Çete başkanı Peker’in tezleriyle gündeme gelen uyuşturucu trafiği iki ay evvel BM raporlarına da yansımış. INBC üyesi Prof. Atasoy’un da …
İşte Atasoy’un konuşmasından satır başları “Uluslararası yasal ticarette düşme ve kimi yasadışı unsurların kaçakçılığında azalma görülmekle birlikte hava ve deniz- yoluyla kaçakçılık alabildiğine sürdü. Karayoluyla kaçakçılık gözlemlenmekteyse de farklı nakliyat yolları ve yasal ticaret kisvesi altında uyuşturucu kaçakçılığına şahit olduk. Kaçakçılık prosedürleri farklılaştı. Postayla ya da paket hizmetleriyle ya da meskene yemek servisleriyle hatta maske, eldiven, dezenfektan içine konarak güya maske ithal ediyor ya da ihraç ediyormuş üzere dezenfektan içinde uyuşturucu kaçakçılığına şahit olduk. Toplumsal medya uyuşturucuya erişimde ve satıcılarla alıcıları bulmakta bir kıymetli mecra oluşturdu. Doğal ki internetin gördüğümüz kısmının çok daha büyük bir kısmı dark net, karanlık web diye isimlendirdiğimiz kısmında hem uyuşturucu imalatındaki hammaddelerin alış satışının hem de bağımlıların unsura erişiminin çok daha yaygın bir biçimde yürütüldüğünü saptadık.”
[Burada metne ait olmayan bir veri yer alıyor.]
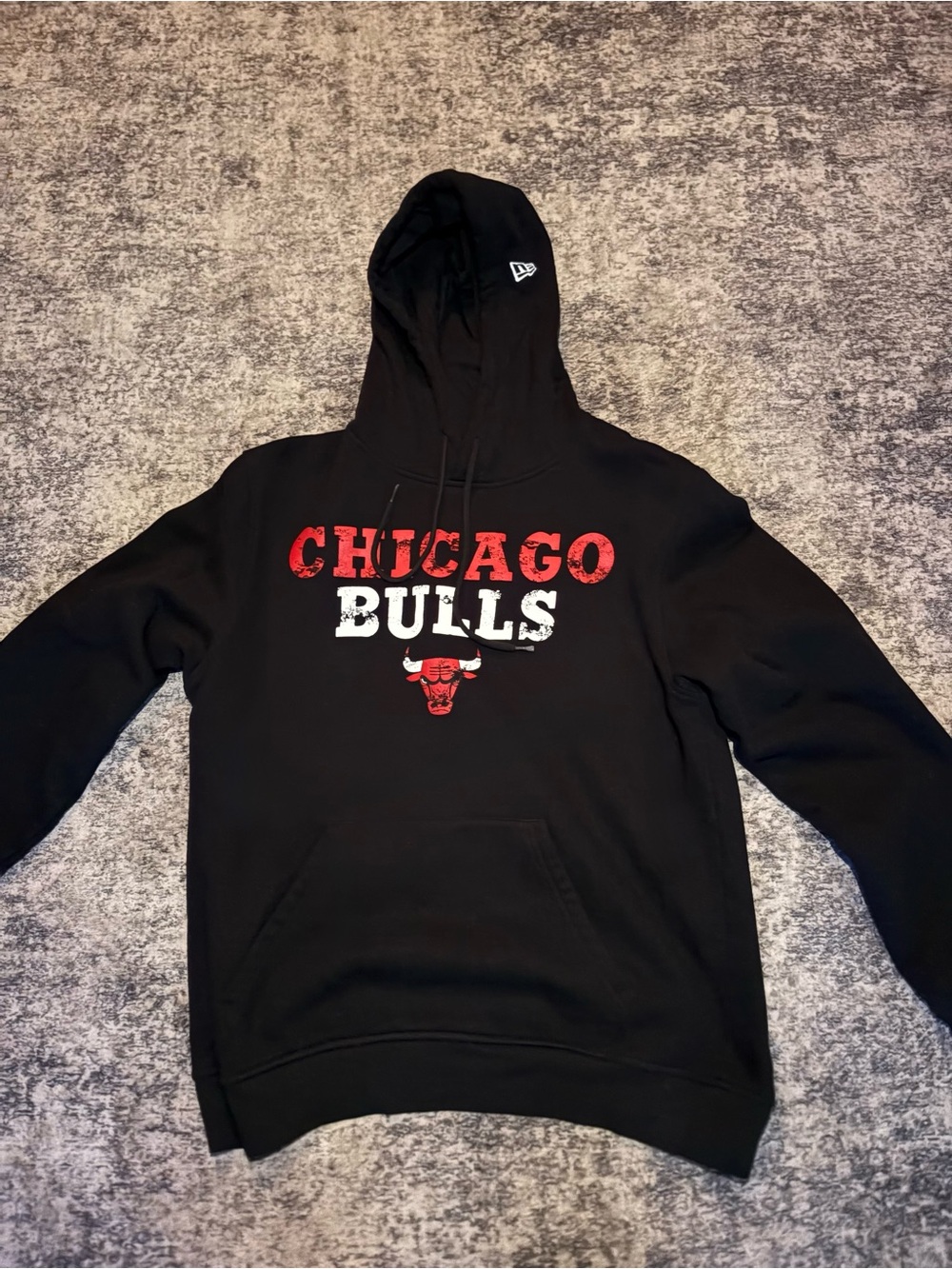 New Era Chicago Bulls NBA Distressed Logo Hoodie Black & Red Size Medium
Balkan yolu kullanılıyormuş… Türkiye’nin dünya genelinde en fazla eroin ele geçiren ülkeler ortasında İran ve Afganistan’dan sonra üçüncü sırada olduğunu kaydeden Prof. Dr. Atasoy’un görüşleri şöyle: “Doğal olarak üçüncü sırada, zira Afganistan’dan çıkan eroin İran üzerinden ülkemize geliyor ve oradan da Avrupa’ya geçiyor. Fakat şurası kesinlikle ki pandemi sırasında Balkan yolu, yani Afganistan’dan çıkan, Türkiye üzerinden Avrupa’ya geçen ünlü Balkan yolu kullanılmaya devam etti ve Afganistan, İran, Türkiye ve Balkan ülkeleri sınırı üzerinde çok sayıda eroin yakalaması da bunu da deliller oldu.”